Vendredi 14 novembre, à 20 h, la salle du café-théâtre de Malville s’est ouverte comme une scène discrète sur le passé : l’association Bouillon de Culture y tenait ses portes ouvertes, et j’avais la chance d’en être puisque j’y suis, depuis peu, bénévole. Le groupe d’histoire locale et le groupe informatique avaient composé un diaporama retraçant l’histoire de la commune, écho visuel à l’ouvrage collectif publié l’an dernier, qui déroulait deux millénaires de vie malvilloise, de l’Empire romain aux premières années du XXIᵉ siècle.

La soirée était portée par les accords chaleureux du groupe Accord’Evasion, qui en a ouvert et refermé les pages avec des airs bretons et irlandais. Dans la douceur tranquille de ce soir d’automne, une quarantaine de personnes étaient venues se rassembler autour d’un même désir : se souvenir.

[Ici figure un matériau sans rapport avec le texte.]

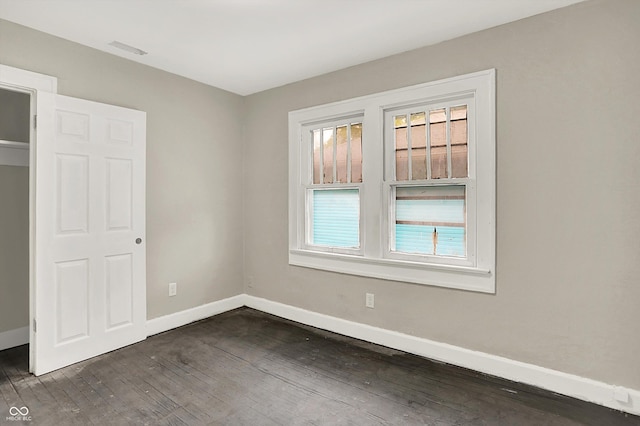 1033 N Dearborn St, Indianapolis, IN 46201 - unfurnished bedroom with dark wood-type flooring and baseboards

Sur l’écran blanc, les images défilaient : cartes postales anciennes, plans oubliés, visages familiers. Et soudain, un frémissement dans la salle : un ancêtre reconnu, un voisin rajeuni, une scène disparue revenue à la lumière, autant de petites secousses dans la mémoire collective. Tout cela répondait au souhait de Romain Mothes, le président, aussi bouillonnant que passionné : réveiller les souvenirs, faire parler les gens, débusquer derrière chaque cliché les noms, les voix, les gestes qui avaient jadis animé le village. Et le pari a tenu ses promesses.

Les conversations s’enchaînaient, les rires aussi. On se revoyait jeune, trop jeune parfois ; on évoquait ceux qui ne sont plus, leurs manies, leur bonté, leurs éclats. Ce qui s’est joué ce soir-là portait un nom simple : le vivre-ensemble. Dans ce village dont l’identité paraît parfois s’effilocher sous l’arrivée de nouveaux habitants (parmi lesquels je me compte) la mémoire demeurait intacte, vibrante, têtue. Elle survivra encore un peu, jusqu’à ce que les plus anciens s’éteignent, laissant derrière eux leurs ultimes preuves d’existence : des photos, des témoignages, un livre.

J’aimerais que ce qui s’est passé là se reproduise partout en France, car chaque village porte en lui sa propre chambre secrète de souvenirs, qu’il suffit d’ouvrir.

Je suis restée un peu en retrait, observant cette effervescence avec la tendresse de celle qui n’appartient pas vraiment au lieu, mais qui en partage désormais les rythmes. Moi aussi, j’ai des racines : un village auvergnat où mon nom est partout, un village lorrain marqué par la Seconde Guerre mondiale comme Malville le fut par la poche de Saint-Nazaire. L’Histoire tisse nos destins minuscules.

En regardant mes voisins, mes amis, se raconter, j’ai senti poindre une nostalgie douce : j’aurais aimé que, dans les villages dont je viens, un tel travail de mémoire ait vu le jour. J’aurais aimé que quelqu’un, un soir, rassemble les vivants pour faire remonter les ombres bienveillantes de ceux qui ont fait le lieu.

Et tandis que je restais silencieuse sur ma chaise, je me suis dit que les liens humains, ceux que l’on noue ici ou ailleurs, valent plus que tout. Le passé doit être gardé, mais le présent est le vrai trésor : ses rencontres, ses partages, ses respirations communes. Hier soir, j’ai vécu une expérience singulière : étrangère et pourtant des leurs, faisant corps avec un groupe qui, l’espace de trois heures, a ressuscité ses disparus et donné à la communauté un pouls nouveau.